Öffentliche Dienstleistungen brauchen Treibstoff

Das Eingehen auf den Jahresbericht an der Delegiertenversammlung gibt mir immer wieder die Gelegenheit, ein paar präsidiale Sorgen etwas näher, freier und vielleicht auch emotionaler anzubringen als dies in schriftlicher Form möglich ist. Der Öffentliche Dienst ist das Fundament, auf dem die wirtschaftlichen und politischen Strukturen unseres bis heute gut funktionierenden 3-stufigen, föderalen Konstruktes Schweiz aufgebaut sind. Damit das Konstrukt Schweiz auf Dauer funktioniert und sich in die Zukunft bewegen kann, braucht es einen Treibstoff und somit Energie. Es braucht die direkten Steuern.

Sie sind eines der wichtigen Elemente, aus denen der Service public entsteht, welcher letztlich den Motor der schweizerischen Wirtschaft zum Laufen bringt. Die Wirtschaft wiederum produziert den Treibstoff, die Energie, also die direkten Steuern, welche durch die Besteuerung der Gewinne der Unternehmen sowie durch die Besteuerung der Einkommen und Vermögen der Arbeitnehmenden des privaten und des öffentlichen Sektors entstehen.

So entsteht ein wirtschaftlicher Kreislauf, welcher privatwirtschaftliche und öffentliche Dienstleistungen von höchster Qualität garantiert, die auch im internationalen Vergleich beste Noten erhalten.
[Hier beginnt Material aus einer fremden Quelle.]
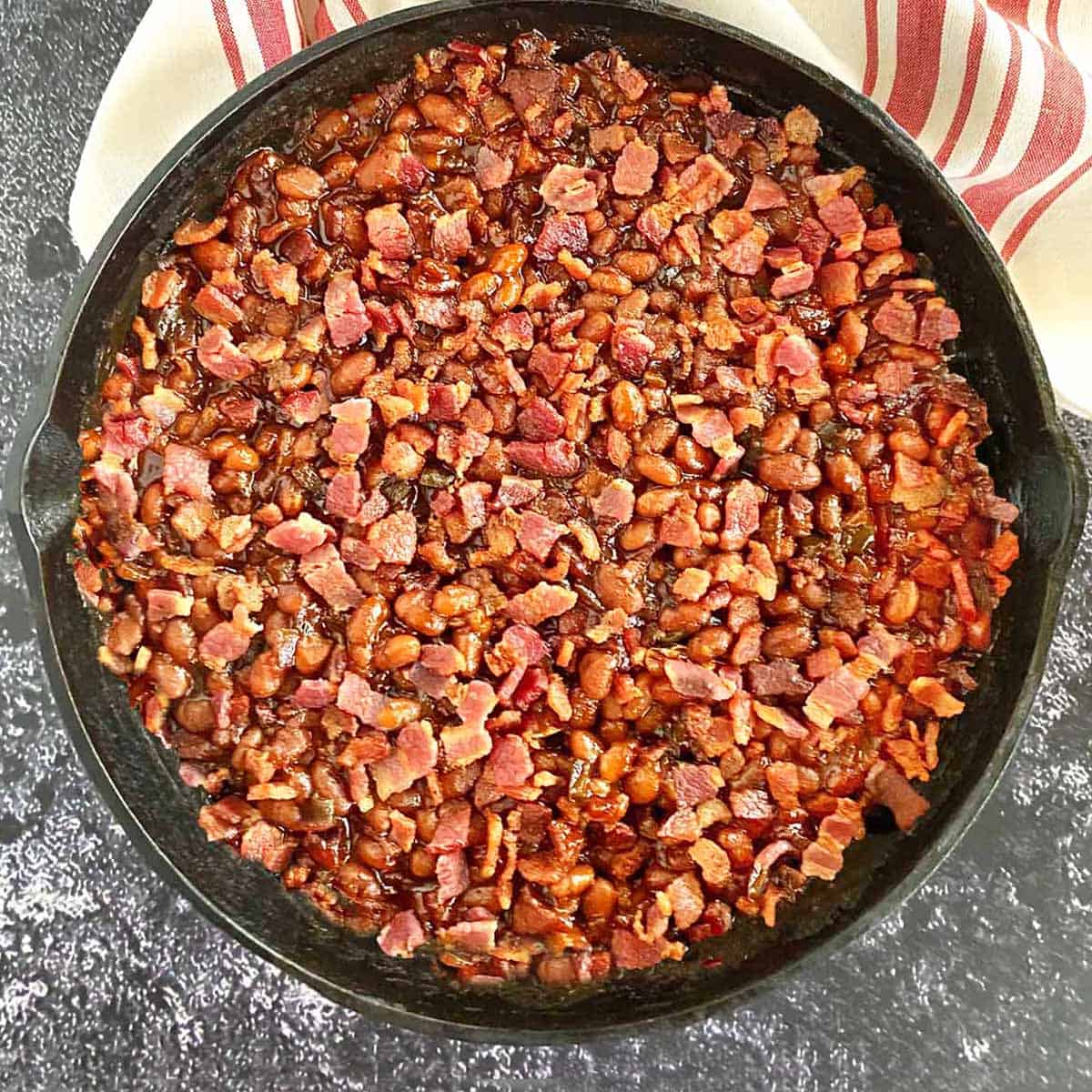 Smoked baked beans with bacon and brown sugar in a cast iron skillet.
Dazu, meine sehr verehrten Damen und Herren, heisst es, Sorge zu tragen.

Eine Bundesvorlage, über die wir am 19. Mai abstimmen werden, macht mir diesbezüglich grosse Sorgen, es ist die Steuerreform und AHV-Finanzierung «STAF». Mit dieser Reform entzieht man der Finanzierung von öffentlichen Dienstleistungen zwischen 2 und 3 Milliarden Franken.

Zu dieser Reform sei man durch den internationalen Druck, durch die Androhung von Wirtschaftssanktionen seitens OECD und EU gezwungen. Bei den bis heute praktisch nicht besteuerten 20 000 Statusgesellschaften ist das sicher der Fall, das ist unbestritten. Aber doch nicht bei allen übrigen 380 000 Unternehmen, die schon heute nach internationalem Recht korrekt besteuert werden.
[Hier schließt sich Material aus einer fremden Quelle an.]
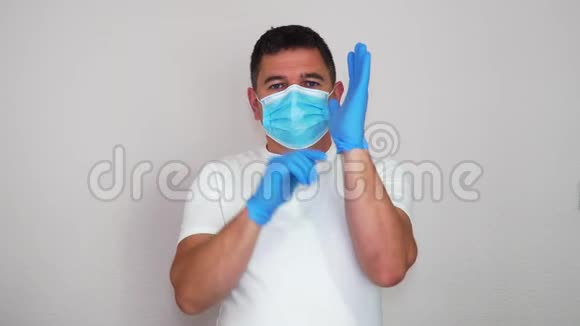 手册如何移除手套和口罩以避免感染冠状病毒COVID19防止感染视频的预览图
Der vorgesehene Totalumbau der schweizerischen Unternehmensbesteuerung macht aus dieser Bundesvorlage – und dies aus einer ausschliesslich inhaltlichen Betrachtungsweise und nicht aus politisch geprägter Sicht – ein Hochrisikovorhaben für die Finanzen der öffentlichen Hand, vor allem auf kommunaler Ebene.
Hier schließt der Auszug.